— WHAT TO WORK ON —
Your job is to print, exactly, the lines in the data below from the line with "Pigeon stands on a ledge by the water." through the line with "in the land of mongolia the nature 93673891", both included, and to omit any picture.

— SUPPLIED RECORDS —
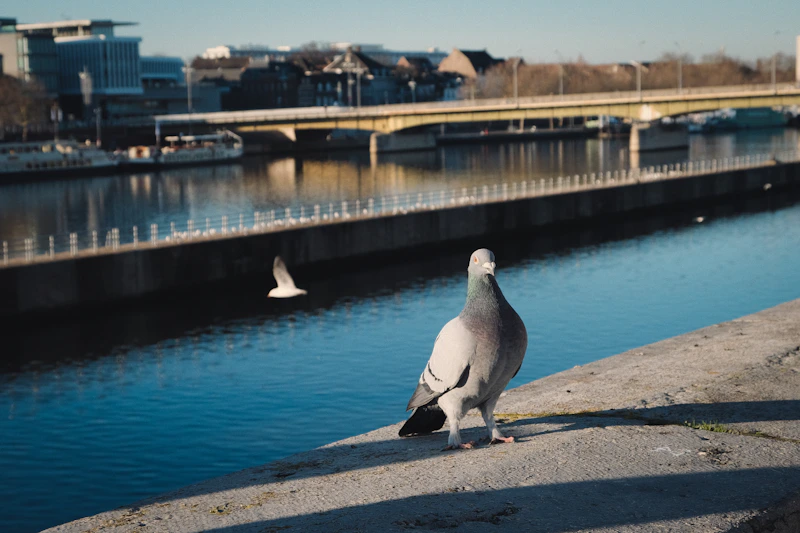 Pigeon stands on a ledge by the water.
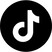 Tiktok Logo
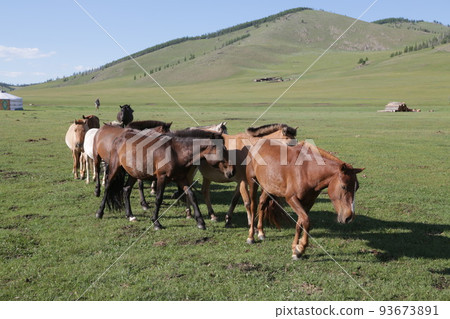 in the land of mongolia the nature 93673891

...

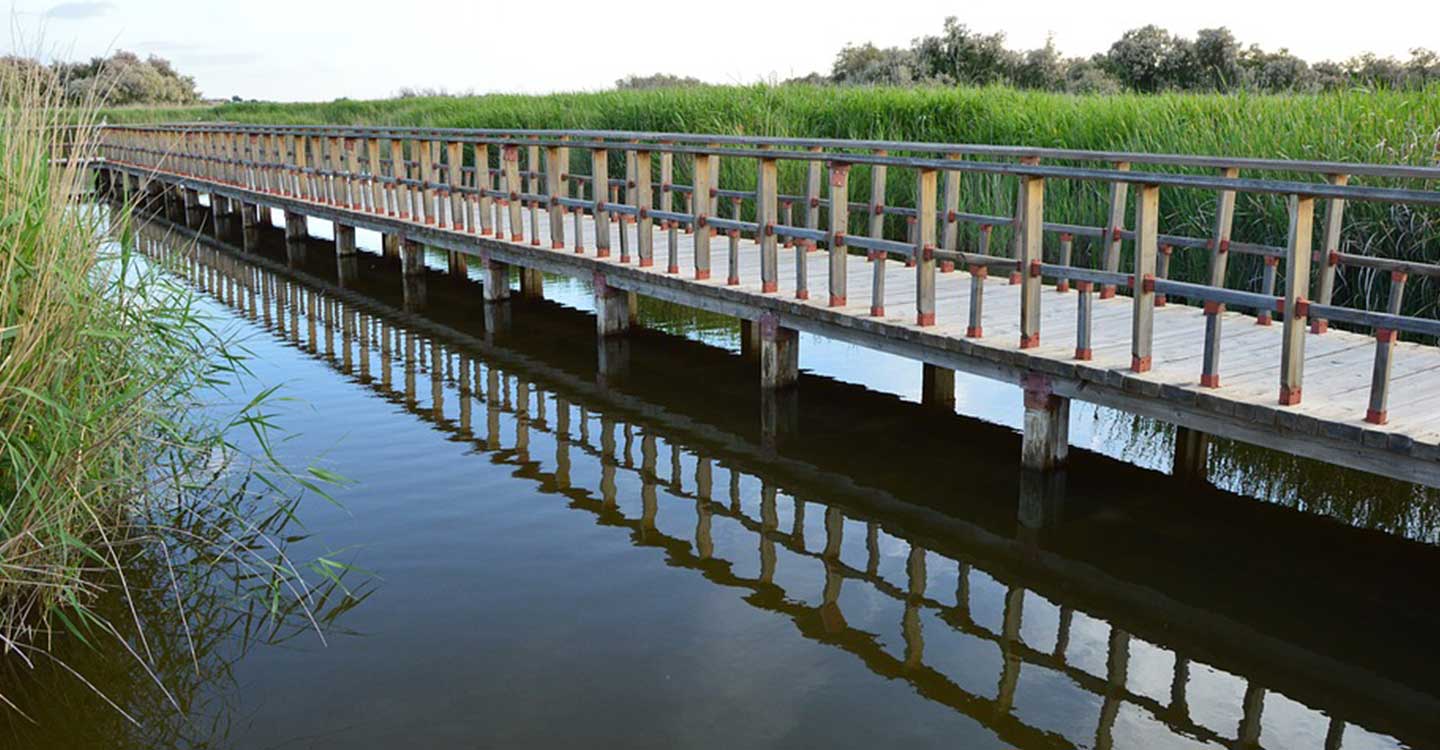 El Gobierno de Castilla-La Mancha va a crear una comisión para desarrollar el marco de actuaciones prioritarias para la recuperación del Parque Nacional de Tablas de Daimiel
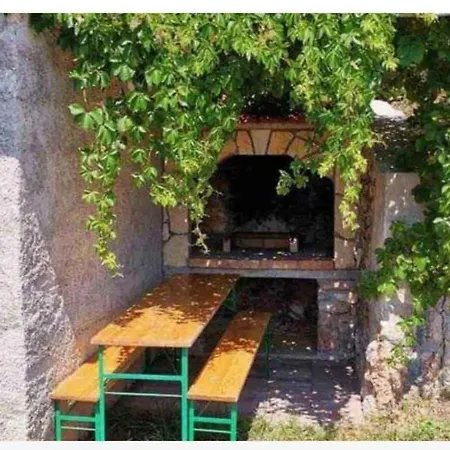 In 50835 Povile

— EXERCISE OUTPUT —
 Pigeon stands on a ledge by the water.
 Tiktok Logo
 in the land of mongolia the nature 93673891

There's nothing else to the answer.